= Tales of the Loremasters =

Tales of the Loremasters is a 1989 role-playing game adventure for Rolemaster published by Iron Crown Enterprises.

==Plot summary==
Tales of the Loremasters is an adventure in which the setting is a string of remote islands one thousand miles west of Emer.

==Publication history==
Tales of the Loremasters was written by Thomas Kane, with a cover by Tony Roberts, and illustrations by Jennell Jaquays (Note: Credited as Paul Jaquays.), and was published by Iron Crown Enterprises in 1989 as a 32-page book.
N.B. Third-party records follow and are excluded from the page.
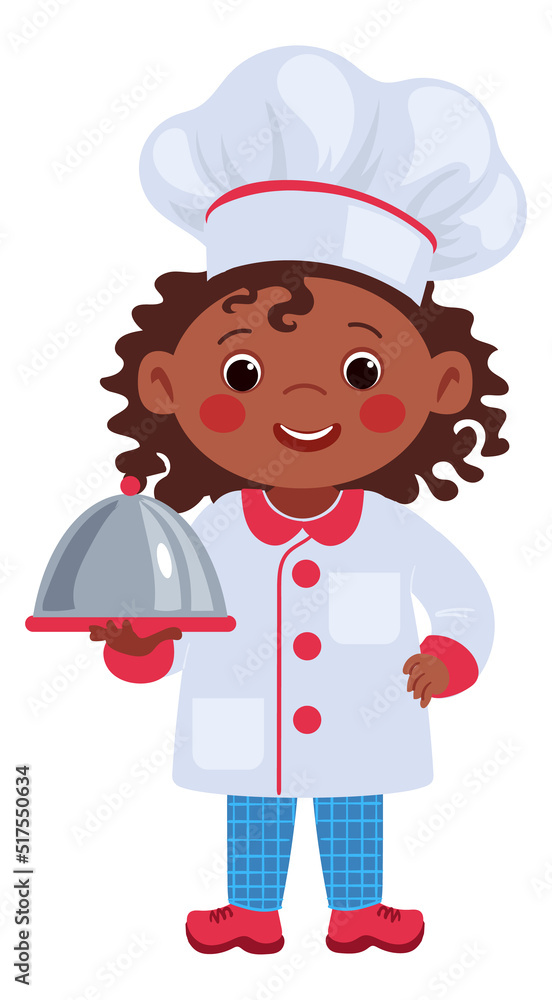 Cartoon girl with serving plate. Kid chef character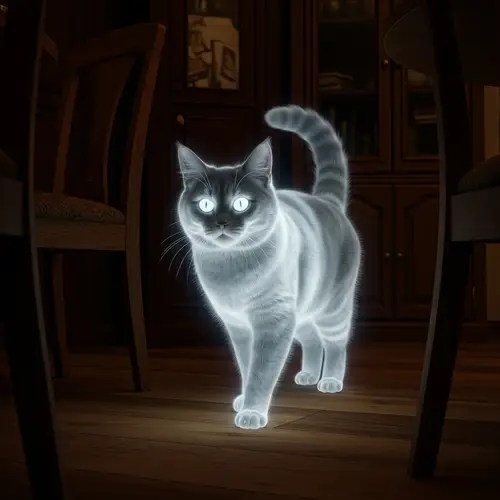 Ethereal Ghostly Cat in Cozy Room - Hauntingly Beautiful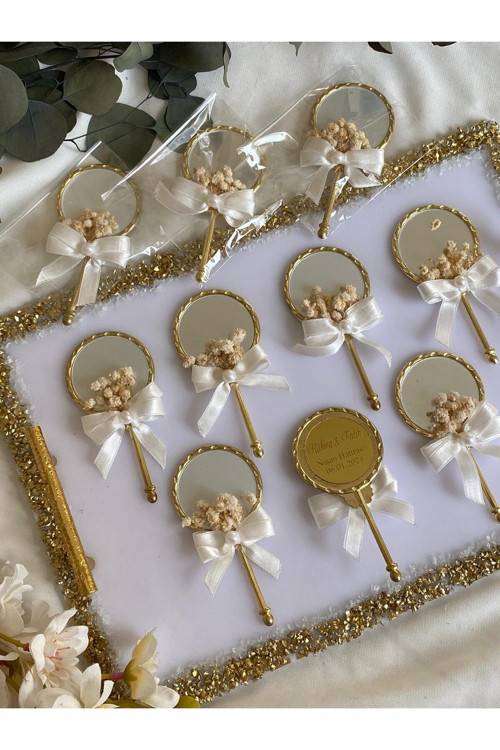 20076530 Layla Events Özel Tasarım Söz,Nişan,Nikah İçin Mini El Aynası - 25 Adet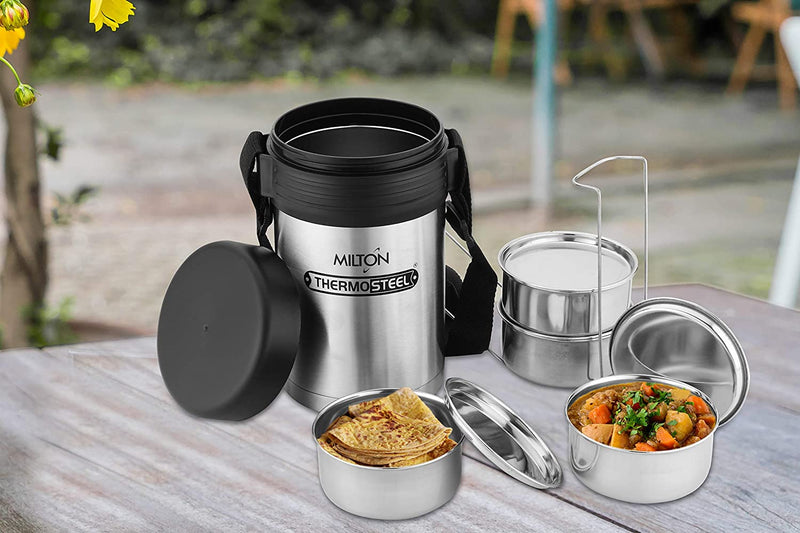 Milton Tuscany Thermosteel Tiffin With Plain Lid | Black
It was followed by a second book the following year, Tales of the Loremasters II, comprising 10 more adventure scenarios.

==Reception==
Oliver Johnson reviewed four supplements for RoleMaster set in Shadow World at the same time, in the August 1989 issue (#8) of Games International magazine: Journey to the Magic Isle, Demons of the Burning Night, Quellbourne: Land of the Silver Mist, and Tales of the Loremasters. Collectively, he concluded "too much of it is of the ‘seen it and done it all before’ variety" and that "Creatures and settings here are the worst side of amorphic[] all mush[sic] together into an unpalatable stew". To Tales specifically he awarded 3 1/2 stars out of 5, and stated that "generally non player characters are well thought out, particular in the Night Come Soon scenario."